Krzysztof Job

Personal information
- Date of birth: 28 January 1963 (age 62)
- Place of birth: Maków Podhalański, Poland
- Height: 1.70 m (5 ft 7 in)
- Position(s): Defender

Senior career*
- Years: Team / Apps / (Gls)
- 1981–1982: Halniak Maków Podhalański
- 1983–1984: Górnik Zabrze
- 1986–1993: Odra Opole
- 1993–1998: Varta Start Namysłów
- 1998–1999: Odra Opole

Managerial career
- 2001–2002: Odra Opole
- 2006–2008: Ruch Zdzieszowice
- 2009: Orzeł Źlinice
- 2009–2010: Victoria Chrościce
- 2011–2014: Orzeł Źlinice
- 2015–: Silesius Kotórz Mały

= Krzysztof Job =

Polish football manager

Krzysztof Job (born 28 January 1963) is a Polish football manager and former player who played as a defender.

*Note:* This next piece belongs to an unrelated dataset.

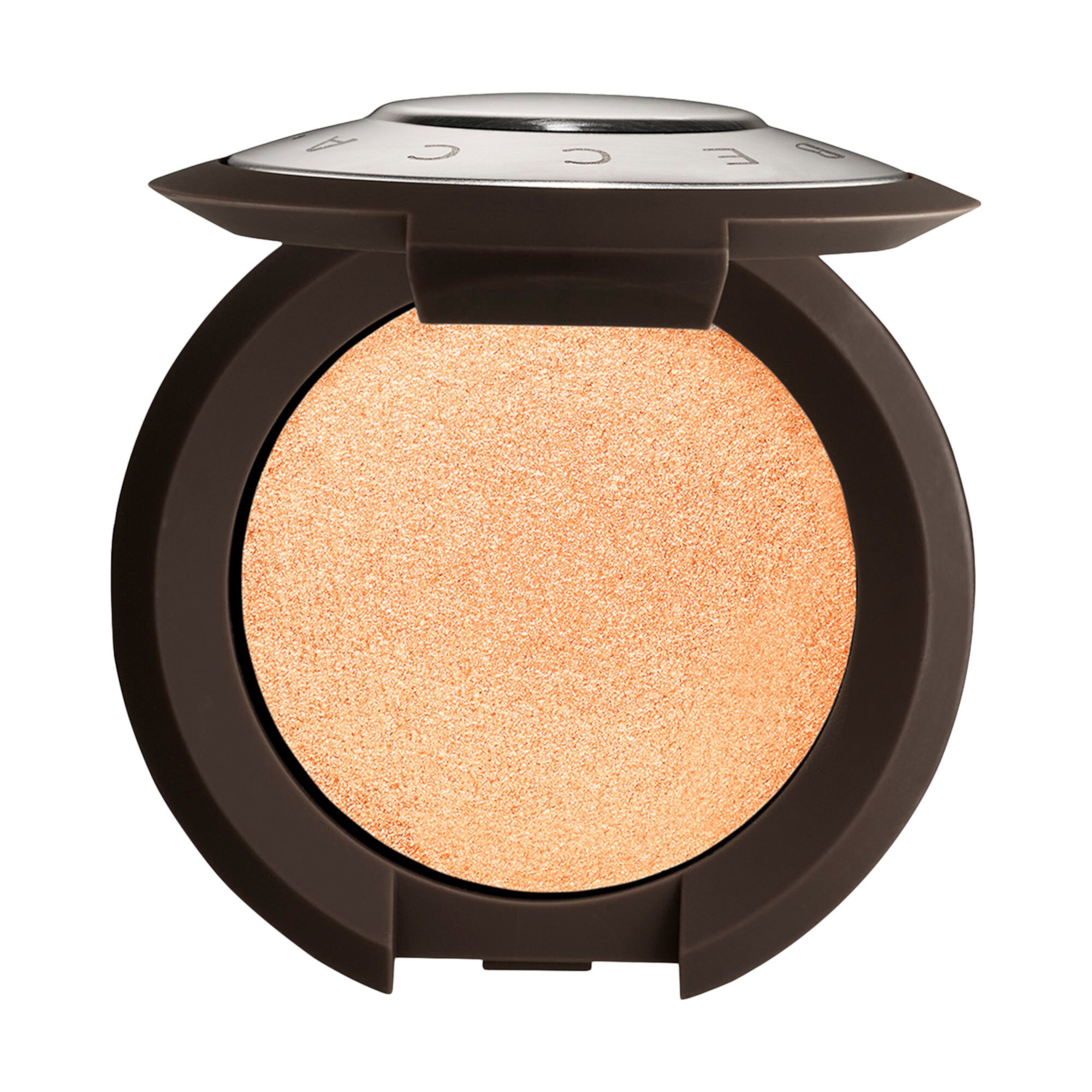 Smashbox X BECCA Mini Shimmering Skin Perfector™ Pressed Highlighter Smashbox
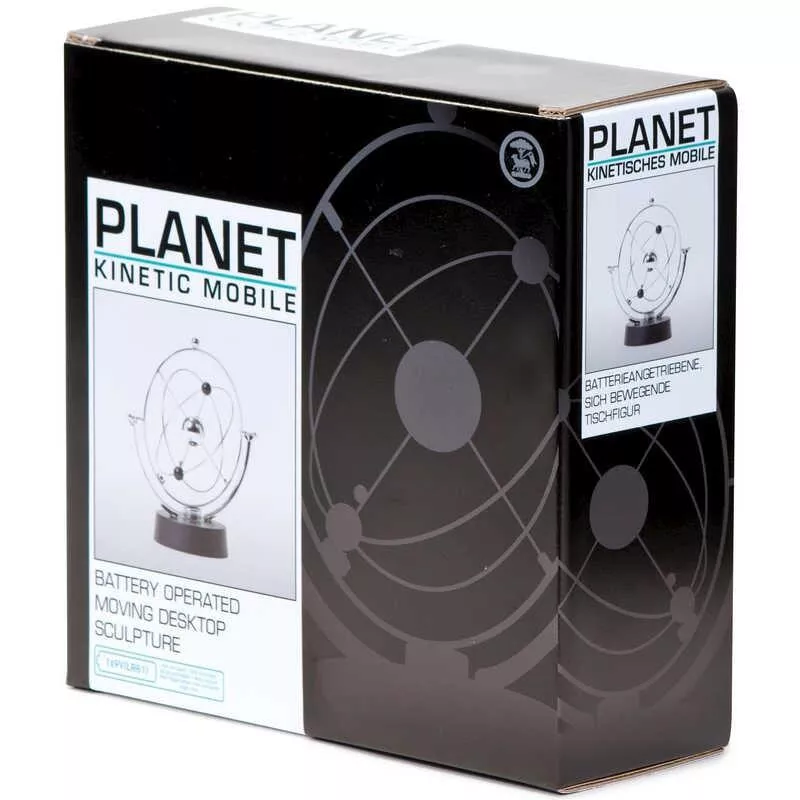 Pendul planete, [],bestfam.ro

Job managed Victoria Chrościce between 2003 and 2005, and later managed Ruch Zdzieszowice, with whom he was twice promoted to the IV liga and then the III liga. He then managed Orzeł Źlinice before being re-appointed as Victoria Chrościce manager in November 2009, with the club on 9 points after 14 matches. He was sacked as manager of Victoria Chrościce in December 2010, after avoiding relegation in the 2009–10 season.